#### The records
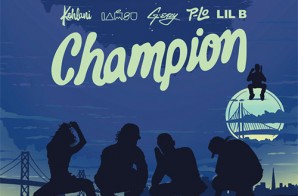 Kehlani – Champion Ft. G-Eazy, IAMSU!, And Lil B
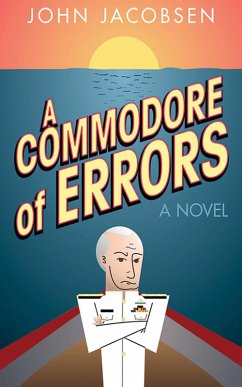 A Commodore of Errors (eBook, ePUB) - Jacobsen, John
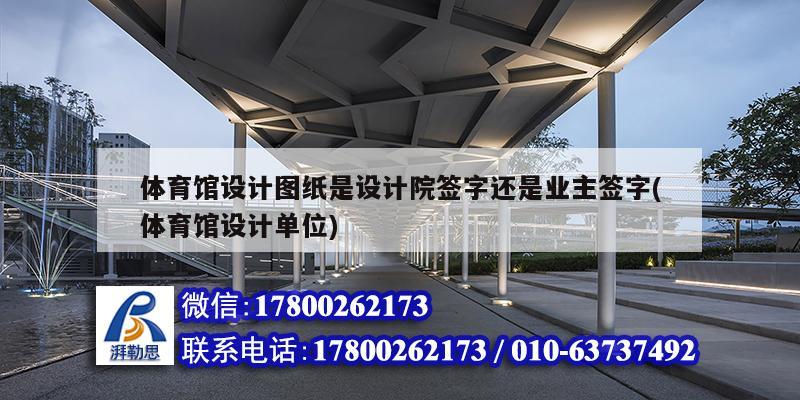 體育館設計圖紙是設計院簽字還是業主簽字(體育館設計單位)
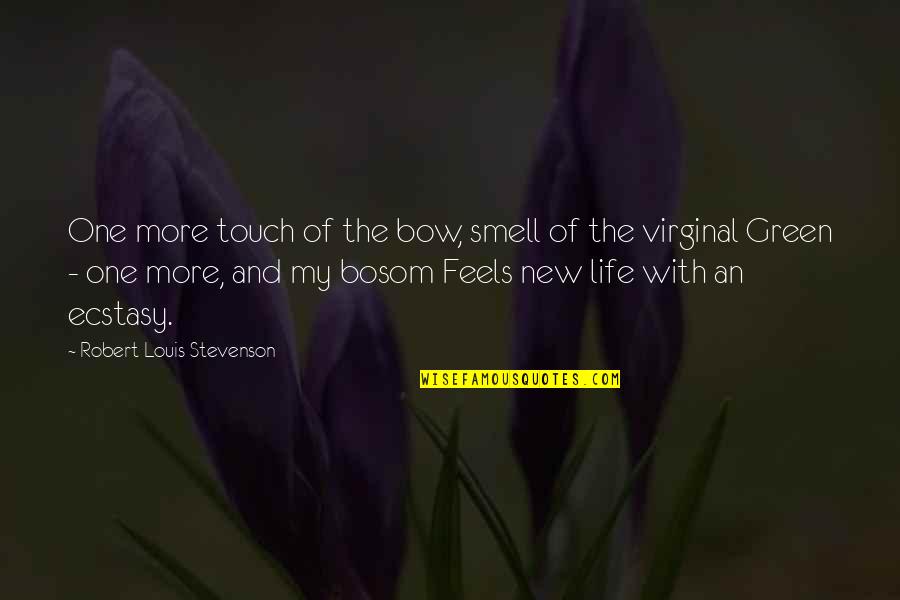 Virginal Quotes By Robert Louis Stevenson: One more touch of the bow, smell of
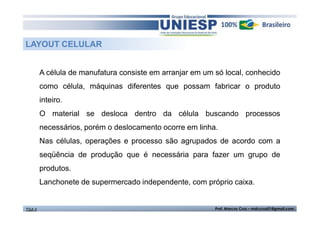 LAYOUT CELULAR
A célula de manufatura consiste em arranjar em um só local, conhecido
como célula, máquinas diferentes que possam fabricar o produto
inteiro.
O material se desloca dentro da célula buscando processos
necessários, porém o deslocamento ocorre em linha.
Nas células, operações e processo são agrupados de acordo com a
seqüência de produção que é necessária para fazer um grupo de
produtos.
Lanchonete de supermercado independente, com próprio caixa.

TGA II

Prof. Marcos Cruz – mdccruz01@gmail.com

 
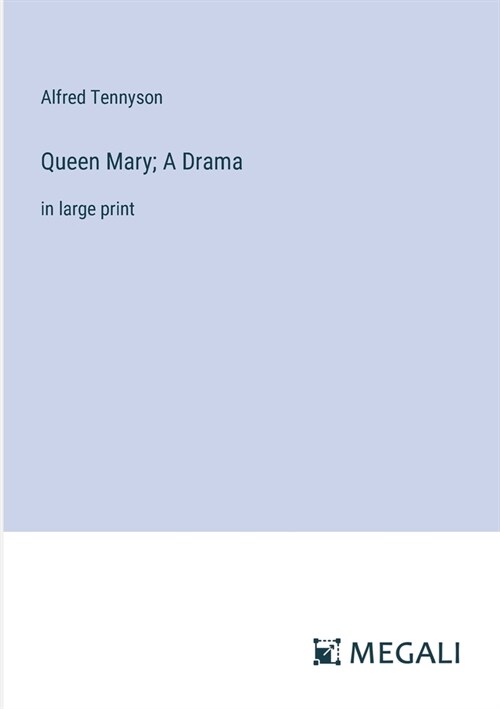 Queen Mary; A Drama: in large print (Paperback)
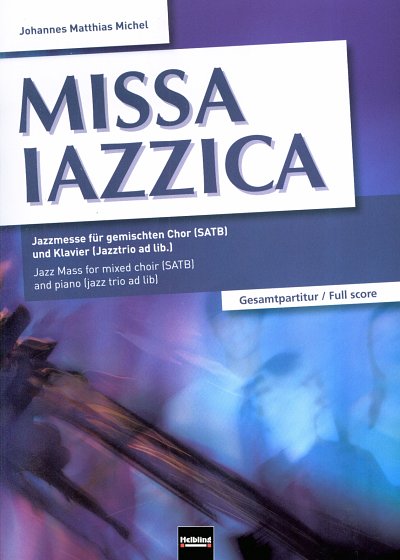 J.M. Michel: Missa Iazzica, GchKlav (Part.)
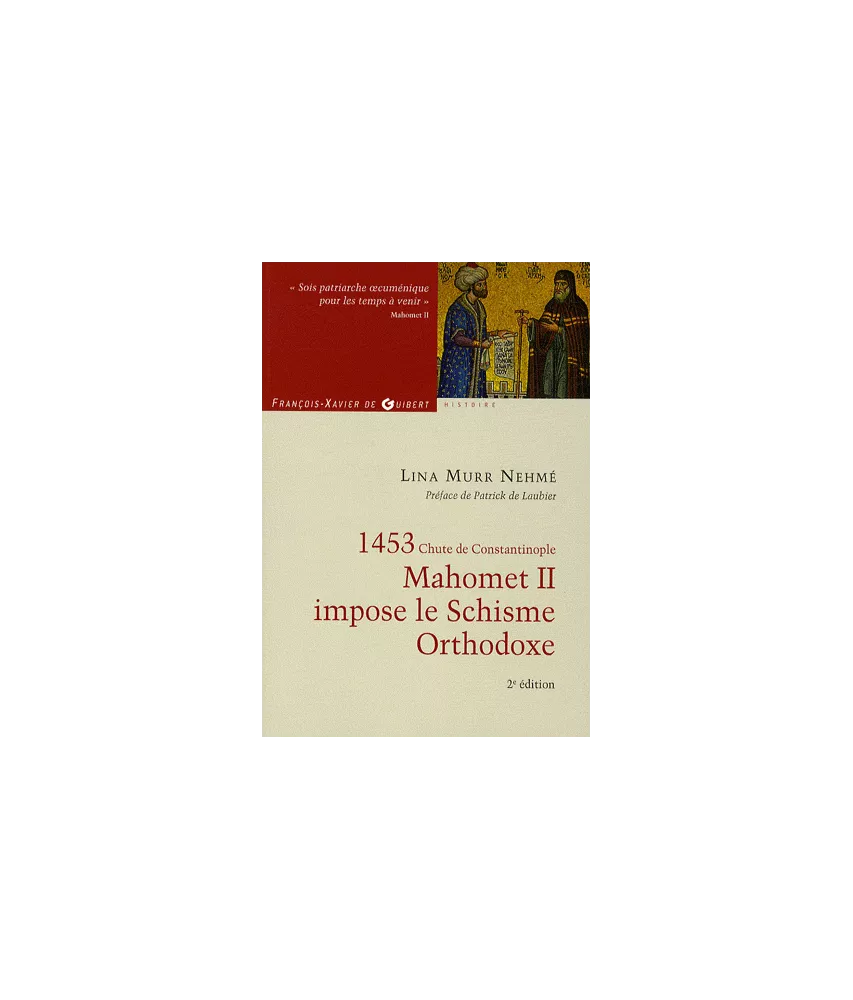 1453  Mahomet II impose le Schisme Orthodoxe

#### Problem to solve
Starting at the line that contains "como célula, máquinas", retype each line through the end of the data exactly, and leave out every picture.

#### Response to the exercise
como célula, máquinas diferentes que possam fabricar o produto
inteiro.
O material se desloca dentro da célula buscando processos
necessários, porém o deslocamento ocorre em linha.
Nas células, operações e processo são agrupados de acordo com a
seqüência de produção que é necessária para fazer um grupo de
produtos.
Lanchonete de supermercado independente, com próprio caixa.

TGA II

Prof. Marcos Cruz – mdccruz01@gmail.com

 
 Queen Mary; A Drama: in large print (Paperback)
 J.M. Michel: Missa Iazzica, GchKlav (Part.)
 1453  Mahomet II impose le Schisme Orthodoxe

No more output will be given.